Just over a week ago the Jerusalem Post published an article about the persecution of Palestinian Christians in Gaza, saying that a big proportion are trying to emigrate and leave the Hamas-controlled Palestinian territory. The newspaper said that the issue was underreported by the Western media, but some people in the Gaza Strip are saying that this so-called ‘issue’ is simply not true. MENASSAT spoke with Palestinians in Gaza to investigate this further.
By OLFAT HADDAD
Palestinian Christians celebrating Easter. ©AFP
Gaza, December 19, 2008 (MENASSAT) The Jerusalem Post published an article about a Palestinian Christian exodus out of Gaza claiming that the small Christian community were victims of “a systematic campaign of persecution” that they said “is taking place in the Gaza Strip, and to a lesser extent in the West Bank.”

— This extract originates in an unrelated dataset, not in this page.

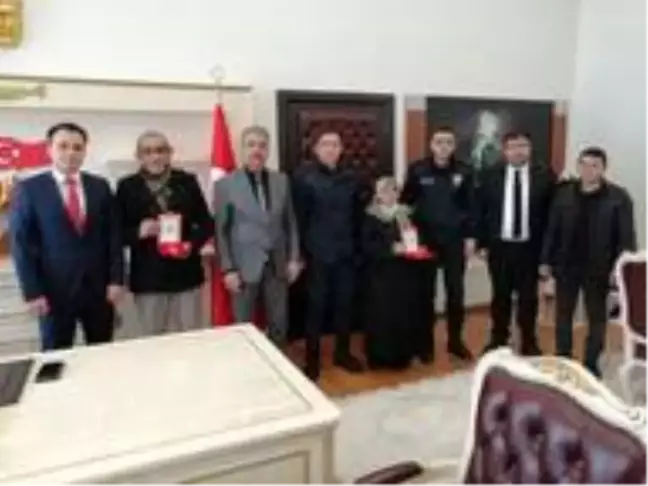 Kıbrıs gazilerine devlet övünç madalyası verildi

But when MENASSAT’s correspondent in Palestine explored this further, she found that the 3,600 Christians in Gaza are not being displaced en masse and that those who do want to emigrate share the same reasons as the rest of the besieged population – a lack of opportunity in the Strip due to the Israeli siege and occupation.
The Jerusalem Post article said that the persecution of Christians is being perpetrated by a number of Islamic groups and referred to it as, “Part of a larger process of Islamization taking place in Palestinian society.”

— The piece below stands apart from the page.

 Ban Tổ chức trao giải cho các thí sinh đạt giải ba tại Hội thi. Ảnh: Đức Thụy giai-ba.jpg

Fadi Bandali, a Christian living in the Gaza Strip, spoke with MENASSAT and said that the stories written in the media about the small minority in Gaza are not true. “The Christians here are not suffering under anyone in particular. On the contrary all Christians live here without fear and we practice our rituals freely without anyone interfering.”
“Christians in Gaza do not think about leaving the Strip for the reasons stated in the media. Those who do think about emigrating think about it for the same reasons most other young people do – because of the embargo, the bad economic situation and lack of job opportunities.”
According to a poll released last week by the Palestinian Center for Policy and Survey Research, 40% of people in the Gaza wish to leave.
Bandali told MENASSAT that the Jerusalem Post article could be an attempt to weaken the relationship between Christians and Muslims in Palestine.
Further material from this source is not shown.